In nomen omen, dicevano i latini, ossia "nel nome c'è un destino". Il nome di una persona può costituire insomma un indizio per intravedere quali saranno il suo fato e le sue inclinazioni. Che dire allora della piccola Plectrude? La sua è un'esistenza straordinaria fin da prima di nascere. Viene infatti al mondo già orfana, perché la madre ha deciso un bel giorno di svuotare l'intero caricatore di una pistola addosso al marito. Nasce in prigione e poco dopo la madre decide di suicidarsi: due fatti di sangue che segneranno indelebilmente la vita di questa bambina.
Plectrude viene allevata da una zia che riversa su di lei dosi sconsiderate di amore e di attenzione. E già dai quattro anni si intuisce una cosa: questa bambina ha un grande futuro di danzatrice davanti a sé. E' così che alle scarpette e alla sbarra viene sacrificato tutto il resto: la scuola, le relazioni, perfino la salute stessa. Non è facile per una bambina sopportare tutte queste privazioni senza perdersi irrimediabilmente d'animo. Ma Plectrude, lo abbiamo già detto, non è una bambina qualunque. La sua bellezza è quasi imbarazzante, la sua volontà tenace, i suoi propositi irrinunciabili: è fatta per ballare e ballerà.
Il destino gioca nuovamente i suoi scherzi quando un disgraziato incidente le impedirà per sempre di ballare; ma non tutto sarà perduto. Plectrude scoprirà che la propria storia rischia di chiudersi su se stessa come in un circolo, seguendo passo passo le orme della madre. Solo un amore a lungo atteso e altrettanto a lungo insperato potranno, forse, salvarla dal fato inscritto nel suo nome così strano.

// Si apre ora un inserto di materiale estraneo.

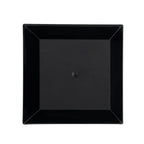3.9 X 3.9 Inch Party Plates, 20 Disposable Appetizer Plates - Elegant, Square, Black Plastic Serving Plates, Durable, For Weddin
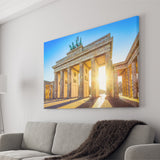 Brandenburg Gate Sunrise Berlin Sunrise Bright Germany Canvas Prints Wall Art Decor - Painting Canvas,Home Decor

Dizionario dei nomi propri è una favola noir dell'autrice belga Amélie Nothomb in cui si respira per tutta la lettura del libro un senso di ineluttabilità e tragedia, anche se punteggiato da uno stile lieve e ironico come, per l'appunto, quello delle fiabe. La protagonista è assolutamente incredibile per la straordinarietà della sua vita e, al tempo stesso, completamente credibile nelle sue reazioni, descritte con dovizia di particolari dall'interno della sua mente man mano che la bambina cresce e diventa donna. Si intuisce, tipico della Nothomb, un disagio esistenziale personale dietro alle vicende del libro, che portano a un finale (letteralmente) autodistruttivo. Non completamente all'altezza del libro le ultimissime due pagine (la quarta di copertina recita "finale assolutamente inatteso, in puro stile Nothomb"), che comunque non inficiano la lettura di quello che rimane un romanzo da leggere d'un fiato. Un'ottima prova, insomma, per questa autrice che occhieggia sinistramente dai risguardi di copertina e che, anche ora che gode di una certa popolarità in Italia, ha deciso di continuare a proporre i suoi libri nel nostro paese tramite la casa editrice Voland.